The Gamemaster as a Set Designer
As the Gamemaster you are also responsible for setting the tone of your story through detailed descriptions of the creatures, locations, and objects that the PCs encounter. These descriptions should evoke an emotional reaction, that help make the setting feel real and tangible. Additionally, through each scene that the PCs interact with, the Gamemaster provides a detailed description of the environment and everything in it, helping the players to visualize where their characters are and what exists around them.
For example, Jeremy describes Belkemar's office when the PCs enter it for the first time:
The air is stifling as you open the door, a fire raging within the fireplace beneath a bubbling cauldron that emotes a sickly, sweet scent. The walls of the chamber are filled with floor to ceiling bookcases, save for a workbench against one wall of the hexagonal room. The bench is covered with various alchemical devices, including a small burner adding heat to a baker of purplish liquid above it. A cabinet next to the bench is filled with stoppered flasks and jars, no doubt containing a multitude of components for Belkemar's infamous experiments. There are no windows in the room, leaving the area dim even at the peak of daylight. The center of the room is taken up by a massive oak desk, piled high with books and loose parchment, behind which sits the man of interest, Belkemar himself.

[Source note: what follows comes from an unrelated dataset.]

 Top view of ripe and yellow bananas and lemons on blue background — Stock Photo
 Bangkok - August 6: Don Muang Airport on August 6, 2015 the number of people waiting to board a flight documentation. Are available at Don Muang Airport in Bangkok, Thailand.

The Gamemaster as the Villains, Support Characters, and Extras
A Quest of Destiny setting wouldn't feel very alive if there weren't other people in it, so the Gamemaster is responsible for creating other characters for the PCs to interact with. Some of these characters may be integral to the story line, serving as an adversary, informant, or quest giver. Other characters serve as the extras in the story, the background characters that make the setting come alive and feel like a living, breathing world. As the PCs interact with these characters, it is the Gamemaster who will describe their appearance and demeanor and portray them in roleplay situations.
For example, Jeremy introduces Belkemar to the PCs for the first time:
Belkemar looks up at you from over his spectacles, his gaze piercing as he scrutinizes your group. His brown robes are simple and somewhat drab, but there is an undeniable feeling of power coming off of him, almost as if it were something tangible. The look on his bearded face is irritated, yet curious, as if he is still deciding whether you're worthy of his attention.
"Yes? Can I help you?" he says in a measured voice.